Exercise description: Report every line of the records that includes the word "Kingdom".
________
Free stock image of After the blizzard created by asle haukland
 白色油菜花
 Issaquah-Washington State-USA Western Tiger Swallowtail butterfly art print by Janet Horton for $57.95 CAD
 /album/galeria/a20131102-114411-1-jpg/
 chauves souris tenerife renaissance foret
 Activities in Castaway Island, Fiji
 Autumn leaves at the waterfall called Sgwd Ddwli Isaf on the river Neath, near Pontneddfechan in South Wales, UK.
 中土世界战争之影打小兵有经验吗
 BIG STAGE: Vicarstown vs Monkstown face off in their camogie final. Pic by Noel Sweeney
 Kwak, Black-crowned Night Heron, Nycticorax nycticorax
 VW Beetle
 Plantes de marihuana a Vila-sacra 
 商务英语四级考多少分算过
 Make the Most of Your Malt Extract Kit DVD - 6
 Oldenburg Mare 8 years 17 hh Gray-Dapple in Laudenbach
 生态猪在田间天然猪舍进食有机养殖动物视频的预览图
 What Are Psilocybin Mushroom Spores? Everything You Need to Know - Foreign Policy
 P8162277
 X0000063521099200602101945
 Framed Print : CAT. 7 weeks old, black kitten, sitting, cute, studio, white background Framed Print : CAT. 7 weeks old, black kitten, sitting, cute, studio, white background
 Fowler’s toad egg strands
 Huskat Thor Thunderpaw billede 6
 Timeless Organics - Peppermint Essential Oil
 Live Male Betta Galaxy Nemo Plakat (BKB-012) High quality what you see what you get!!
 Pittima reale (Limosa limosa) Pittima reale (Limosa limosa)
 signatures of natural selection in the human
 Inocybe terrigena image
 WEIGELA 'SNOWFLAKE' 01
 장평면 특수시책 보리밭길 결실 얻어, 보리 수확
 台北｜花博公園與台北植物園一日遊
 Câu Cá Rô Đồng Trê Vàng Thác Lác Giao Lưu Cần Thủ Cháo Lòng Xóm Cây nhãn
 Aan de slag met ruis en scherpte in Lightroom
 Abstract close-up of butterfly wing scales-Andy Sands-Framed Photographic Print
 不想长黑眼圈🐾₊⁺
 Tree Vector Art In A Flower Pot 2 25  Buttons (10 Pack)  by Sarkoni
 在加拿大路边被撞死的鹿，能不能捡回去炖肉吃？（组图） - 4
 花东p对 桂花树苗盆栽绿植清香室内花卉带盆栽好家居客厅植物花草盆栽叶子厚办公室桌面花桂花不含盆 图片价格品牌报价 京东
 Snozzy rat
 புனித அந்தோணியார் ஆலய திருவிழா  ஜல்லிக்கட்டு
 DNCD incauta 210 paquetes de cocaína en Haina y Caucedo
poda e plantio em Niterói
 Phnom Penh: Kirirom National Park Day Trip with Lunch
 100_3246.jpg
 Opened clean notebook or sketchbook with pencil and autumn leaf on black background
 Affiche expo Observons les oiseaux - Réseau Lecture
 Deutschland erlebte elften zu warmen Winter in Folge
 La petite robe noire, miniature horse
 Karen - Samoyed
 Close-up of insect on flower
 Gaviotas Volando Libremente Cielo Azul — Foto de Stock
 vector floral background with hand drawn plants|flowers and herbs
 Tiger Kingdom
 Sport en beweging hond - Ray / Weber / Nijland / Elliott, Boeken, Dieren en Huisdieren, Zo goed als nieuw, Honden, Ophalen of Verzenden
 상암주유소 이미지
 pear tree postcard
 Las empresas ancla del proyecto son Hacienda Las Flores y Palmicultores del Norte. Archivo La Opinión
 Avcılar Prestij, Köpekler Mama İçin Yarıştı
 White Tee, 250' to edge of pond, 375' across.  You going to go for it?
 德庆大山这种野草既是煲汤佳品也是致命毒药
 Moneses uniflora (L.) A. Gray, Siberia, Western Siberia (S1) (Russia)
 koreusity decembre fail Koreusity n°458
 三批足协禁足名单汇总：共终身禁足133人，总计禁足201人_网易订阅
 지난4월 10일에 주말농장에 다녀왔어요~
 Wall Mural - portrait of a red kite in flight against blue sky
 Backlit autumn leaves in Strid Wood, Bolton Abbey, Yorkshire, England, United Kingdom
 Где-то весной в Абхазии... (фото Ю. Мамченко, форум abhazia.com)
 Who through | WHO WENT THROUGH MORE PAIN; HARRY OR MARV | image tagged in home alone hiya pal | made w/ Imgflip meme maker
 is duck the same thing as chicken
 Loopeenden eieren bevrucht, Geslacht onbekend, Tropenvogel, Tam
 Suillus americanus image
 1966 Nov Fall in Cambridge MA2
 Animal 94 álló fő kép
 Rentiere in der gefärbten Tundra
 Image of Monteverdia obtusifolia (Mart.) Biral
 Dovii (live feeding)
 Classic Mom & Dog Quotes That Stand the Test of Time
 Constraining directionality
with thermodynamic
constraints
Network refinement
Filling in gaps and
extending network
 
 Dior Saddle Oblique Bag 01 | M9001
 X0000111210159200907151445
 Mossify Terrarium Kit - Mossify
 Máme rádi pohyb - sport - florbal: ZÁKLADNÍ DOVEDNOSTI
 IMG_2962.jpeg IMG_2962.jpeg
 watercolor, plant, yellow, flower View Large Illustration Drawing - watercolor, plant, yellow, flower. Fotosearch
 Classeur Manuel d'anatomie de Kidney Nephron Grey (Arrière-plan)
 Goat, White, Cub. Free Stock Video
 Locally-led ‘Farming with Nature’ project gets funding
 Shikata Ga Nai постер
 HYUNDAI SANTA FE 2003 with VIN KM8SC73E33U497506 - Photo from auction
________
Written answer:
 Tiger Kingdom
 Backlit autumn leaves in Strid Wood, Bolton Abbey, Yorkshire, England, United Kingdom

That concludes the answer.